Getting Data In

How to remove duplicate "scans" from field comms packets logs? autoregress maybe...?

Path Finder

We have a bug in our software that is spamming out identical log messages (different timestamps) - when it's only supposed to log changes in value. The application is reading a field device (Modbus protocol) and parsing the message into registers - each register has 16 discrete "bits". The application takes the "bits" and separates them into a single log message (one entry per bit). The problem is, if only a single bit changes, it is logging the entire register (16 bits worth) - what it's suppose to do is log only the bit that changed from it's previous state. I'm trying to design a Splunk filter so our support guys can use that until the bug-fix is deployed.

For example:
timestamp 40010/1 = 1 (message)
timestamp 40010/2 = 0 (message)
timestamp 40010/3 = 1 (message)
timestamp 40010/4 = 1 (message)
timestamp 40010/5 = 0 (message)
timestamp 40010/6 = 0 (message)
timestamp 40010/7 = 0 (message)
timestamp 40010/8 = 0 (message)
...
timestamp 40010/16 = 0 (message)

on the next scan, let's say bit #3 changes to '1':
timestamp+1 40010/1 = 1 (message)
timestamp+1 40010/2 = 0 (message)
timestamp+1 40010/3 = 1 (message)
timestamp+1 40010/4 = 1 (message)
timestamp+1 40010/5 = 0 (message)
timestamp+1 40010/6 = 0 (message)
timestamp+1 40010/7 = 0 (message)
timestamp+1 40010/8 = 0 (message)
...
timestamp+1 40010/16 = 0 (message)

As you can see, this makes the logs super verbose, and terrible to troubleshoot. I'm trying to find a way to strip out all the "same values" - which still retaining the timestamps (and if possible, full original "_raw" message).
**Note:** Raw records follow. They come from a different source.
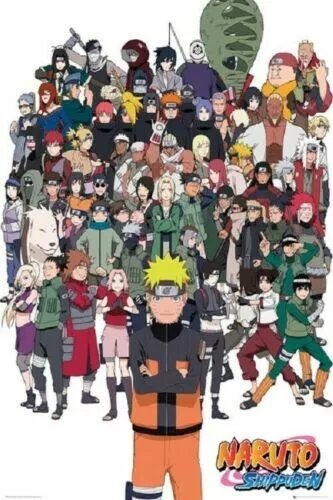 NARUTO SHIPPUDEN CHARACTERS POSTER, JAPANESE ANIME COMIC NEW 24x36 FREE SHIP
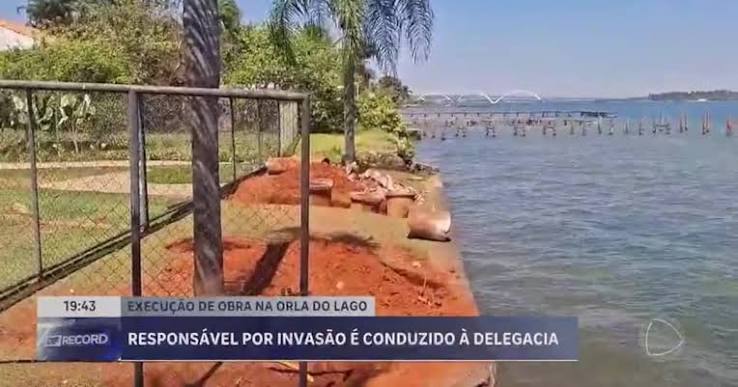 Polícia Militar Ambiental flagra obra irregular na orla do Lago Paranoá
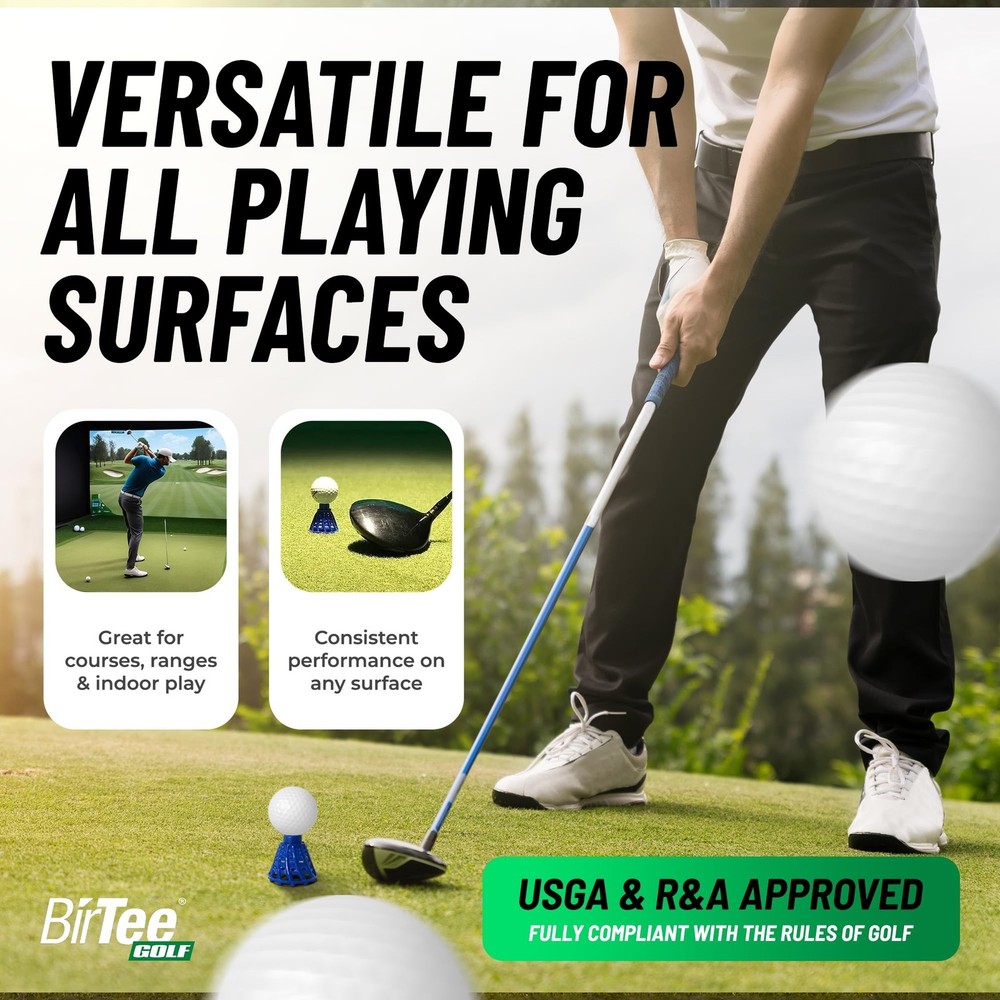 BirTee Golf Tees - PRO Speed Plus with Flexibility & Durability - 8 Pack. Ind...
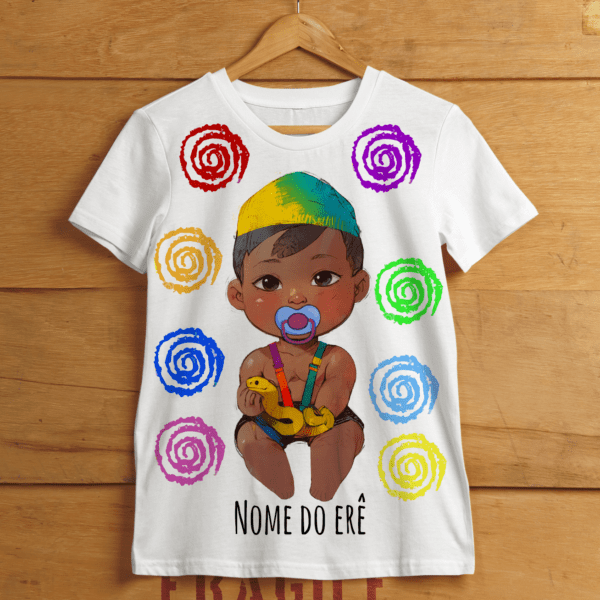 Camiseta Erê de Oxumarê bonequinho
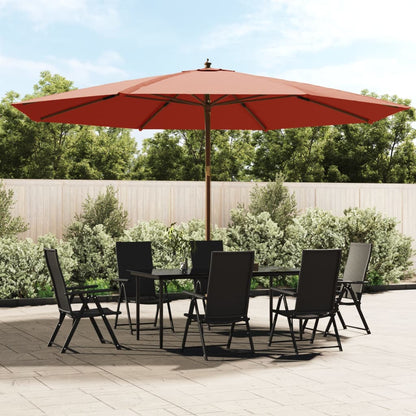 Ombrellone da Giardino con Palo in Legno Terracotta 400x273 cm | homemem39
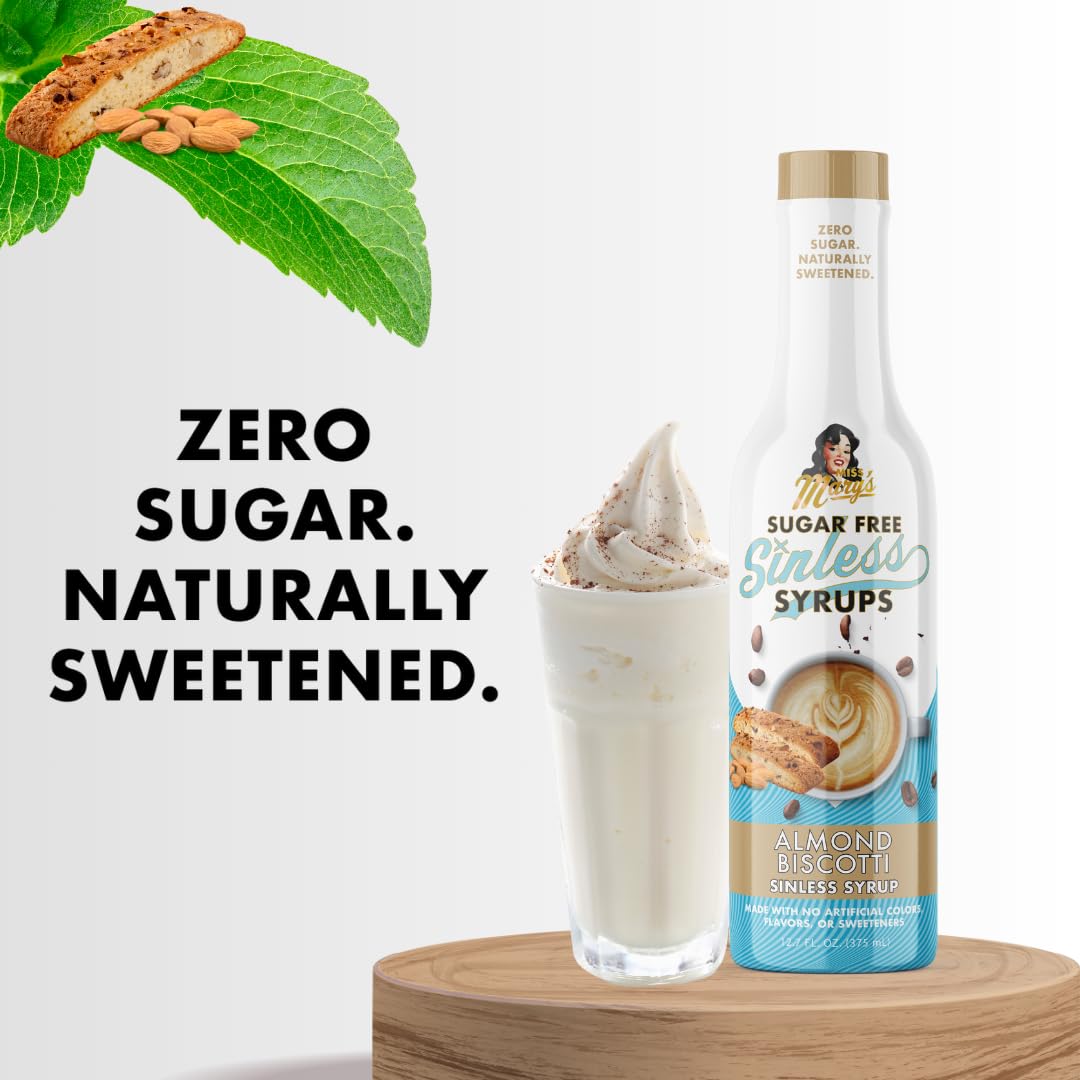 Miss Mary’s Almond Biscotti Sinless Syrup gift-ready bottle ideal for gifting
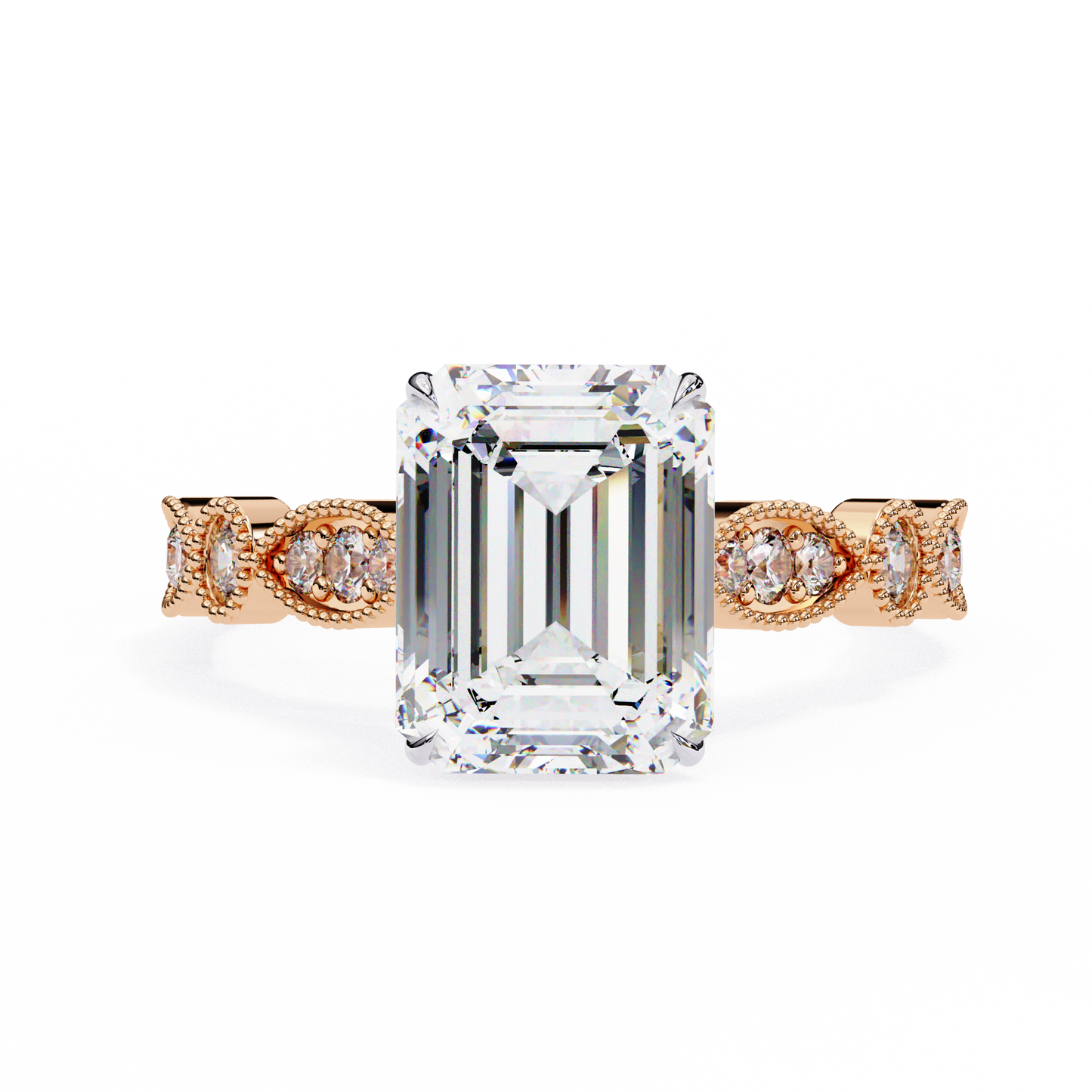 Emerald Elegance Diamond Ring Rose Gold 
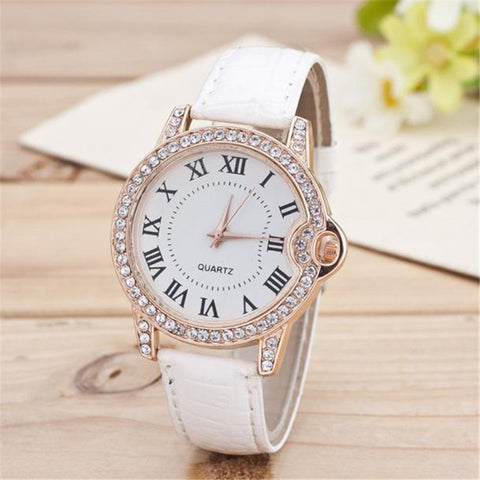 diamond bracelet watches Women luxury dress Fashion Leather Analog Simple Clock Dial Quartz Wrist Watch relogio gift - watchwomen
I can't use "dedup" as it would strip out future "toggles" (I need all "changes", not just the first one... if bit #3 goes back to '0', I need the timestamp when that occurs).

So in my previous example I would get only:
timestamp+1 40010/1 = 1 (message)
timestamp+1 40010/2 = 0 (message)
timestamp+1 40010/3 = 1 (message)
timestamp+1 40010/4 = 1 (message)
timestamp+1 40010/5 = 0 (message)
timestamp+1 40010/6 = 0 (message)
timestamp+1 40010/7 = 0 (message)
timestamp+1 40010/8 = 0 (message)
...
timestamp+1 40010/16 = 0 (message)

next scan:
timestamp+1 40010/3 = 1 (message)

future scan (where bit #3 changes back to '0'):
timestamp+10 40010/3 = 0 (message)

future scan (where bit #5 changes to '1'):
timestamp+20 40010/5 = 1 (message)

etc.

Starting with an initial "baseline", I just want to see the changes in that register - with the newer timestamp of when that occurred.
Compounding the problem is there are 50+ different registers, all logging every scan (5 seconds) - regardless of if the "value" of the register changed.

0 Karma

SplunkTrust
SplunkTrust

Not an answer because it's not quite an answer yet, more testing.

If you have the field "register" with values like 40010/3 and "value" for the 0/1 values, then how far does something like the below get you?

myBaseSearch ... 
| stats count list(value) as ValueList, list(_time) as ReportedTime by register. 

I have a suspicion this, or something like it, will be the base of the answer.

Also try

 myBaseSearch ... 
| stats count last(value) as LatestValue by register. 

Though it might be first(value) because I can never remember which way around that is.

Last, if you need to rex out those, add this line in (assuming your registers are 5 digits exactly followed by a forward slash and one more digit, and assuming I don't know your timestamp format so I can't make this easier):

myBaseSearch ...
| rex "(?<register>\d{5}/\d)\s*=\s*(?<value>\d+)"
| stats ...
0 Karma

Path Finder

Filtering to a single (known register... 40015)
First one:
count = 3625
ValueList is 99.9% zero
ReportedTime - looks like Epoc timestamps...?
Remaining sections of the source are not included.